In September 2014, Emma Sulkowicz made headlines for carrying a mattress around Columbia University as part of a senior art project. It was a work of endurance performance art intended to protest her university’s lack of response to her reported sexual assault. The publicity she received speaks volumes to her success in depicting the invisible emotional burden carried by the victims of sexual assault in a way which was broadly meaningful. But in light of the #MeToo and #TimesUp movements and related social changes, it seems appropriate to consider the lasting effects of Sulkowicz’s Mattress Performance (Carry That Weight).
One of the important lessons from Mattress Performance and MeToo/TimesUp is that victims of sexual assault are often not listened to or taken seriously about the attack. Which goes for the rich and famous as well. It is not that these people are just now speaking up; many of them have been working for years to get their stories out. The problem is that society, the media, and often friends and the police largely ignored them. That began to change.

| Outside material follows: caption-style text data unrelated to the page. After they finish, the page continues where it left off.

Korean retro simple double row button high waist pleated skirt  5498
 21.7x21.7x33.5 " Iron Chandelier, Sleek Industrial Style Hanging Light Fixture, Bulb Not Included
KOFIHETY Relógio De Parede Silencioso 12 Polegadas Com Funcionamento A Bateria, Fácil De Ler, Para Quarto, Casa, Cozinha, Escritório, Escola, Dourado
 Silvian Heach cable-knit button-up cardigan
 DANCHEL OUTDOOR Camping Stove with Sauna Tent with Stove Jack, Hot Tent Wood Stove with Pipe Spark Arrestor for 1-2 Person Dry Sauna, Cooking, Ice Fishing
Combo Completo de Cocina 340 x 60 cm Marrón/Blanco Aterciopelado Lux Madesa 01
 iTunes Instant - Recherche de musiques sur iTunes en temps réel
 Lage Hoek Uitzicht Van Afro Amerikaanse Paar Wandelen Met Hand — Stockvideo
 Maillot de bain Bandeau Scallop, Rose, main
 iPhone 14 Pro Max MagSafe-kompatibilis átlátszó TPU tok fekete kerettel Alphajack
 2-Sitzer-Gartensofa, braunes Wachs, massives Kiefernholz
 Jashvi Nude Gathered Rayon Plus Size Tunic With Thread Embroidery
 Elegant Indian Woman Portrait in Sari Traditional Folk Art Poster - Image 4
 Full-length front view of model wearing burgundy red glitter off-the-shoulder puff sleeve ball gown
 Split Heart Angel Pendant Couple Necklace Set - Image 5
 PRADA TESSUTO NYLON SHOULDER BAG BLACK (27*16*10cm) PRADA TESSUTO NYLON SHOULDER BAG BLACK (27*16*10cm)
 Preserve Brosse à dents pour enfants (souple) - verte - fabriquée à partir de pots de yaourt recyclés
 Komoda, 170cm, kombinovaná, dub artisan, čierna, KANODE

Sulkowicz brought the conversation about sexual assault and society’s response to the fore in ways which have resonated and grown. She experienced success in an area where others struggled and this is an accomplishment which deserves acknowledgment and contemplation. Fortunately, attitudes have shifted and many more victims’ voices have contributed to the conversation. But it is still worth considering the source of Sulkowicz’s success so that others can learn from her example.
A key difference seems to be that Mattress Performance moves past the actual rape and asks, “What now?” The performance was not focused on her assailant or the incident but Columbia University and its refusal to respond in a way that she and many others felt appropriate. What she was drawing attention to is a problem many victims face. Having endured a horrific event and discovered that there is no responsible way to have the situation addressed appropriately, they have few options but to continue on with their life. Given abundant evidence that nobody will help them fix the problems with society, which allowed the violation to happen in the first place, many resign themselves to silence.
Accepting that she could not have the conversation she wanted to, Emma Sulkowicz instead tried to show how not having that conversation made her feel. And succeeded brilliantly. What many people were able to see in her performance is that the shame of the victim is our shame, evidence of how society failed them twice. This contributed to a shift in thinking which prepared people for #MeToo. The victims speaking out are still being met with criticism and resistance, but it is significant progress that they are even being heard. Sulkowicz has made clear that she is not looking to repeatedly tell the story about being assaulted.
Carrying the mattress was an important metaphor. Sulkowicz picked a sizable challenge and succeeded and people love a success story.
In my opinion, the implied message is that she can do it on her own but prefers help. Which may be a useful lesson. We believed that Sulkowicz was capable of walking around Columbia with a mattress because we saw photographs of her doing it. And in the same way, we know that the celebrities speaking up about abuse are capable of leading highly successful lives because we have already seen the evidence of it. But whatever their mattress is, they need to explain it in order for people to offer help (or make it obvious, which can happen).
So perhaps it is worth following Emma Sulkowicz’s lead and moving beyond “me too,” which focuses on victim identity and trauma, to a “mattress conversation,” which focuses on the challenges and successes of life after a traumatic event. This would serve both to help victims have a difficult conversation more comfortably and, in the case of high-profile people, provide useful role models for other victims to follow. Hopefully, a time is close when the victims of sexual assault won’t need emotional support for how they have been shamed and ignored. But until society is ready to make that change, maybe somebody can help them carry their mattress.